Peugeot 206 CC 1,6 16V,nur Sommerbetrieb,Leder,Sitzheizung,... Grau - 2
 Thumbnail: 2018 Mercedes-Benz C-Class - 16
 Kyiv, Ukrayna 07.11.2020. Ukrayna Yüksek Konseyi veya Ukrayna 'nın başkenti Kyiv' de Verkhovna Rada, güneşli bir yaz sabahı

■ ■ ■ ■ ■ ■ ■

**Task description**
Every word of the data above should be given again, exactly as it stands.

**Task output**
Peugeot 206 CC 1,6 16V,nur Sommerbetrieb,Leder,Sitzheizung,... Grau - 2
 Thumbnail: 2018 Mercedes-Benz C-Class - 16
 Kyiv, Ukrayna 07.11.2020. Ukrayna Yüksek Konseyi veya Ukrayna 'nın başkenti Kyiv' de Verkhovna Rada, güneşli bir yaz sabahı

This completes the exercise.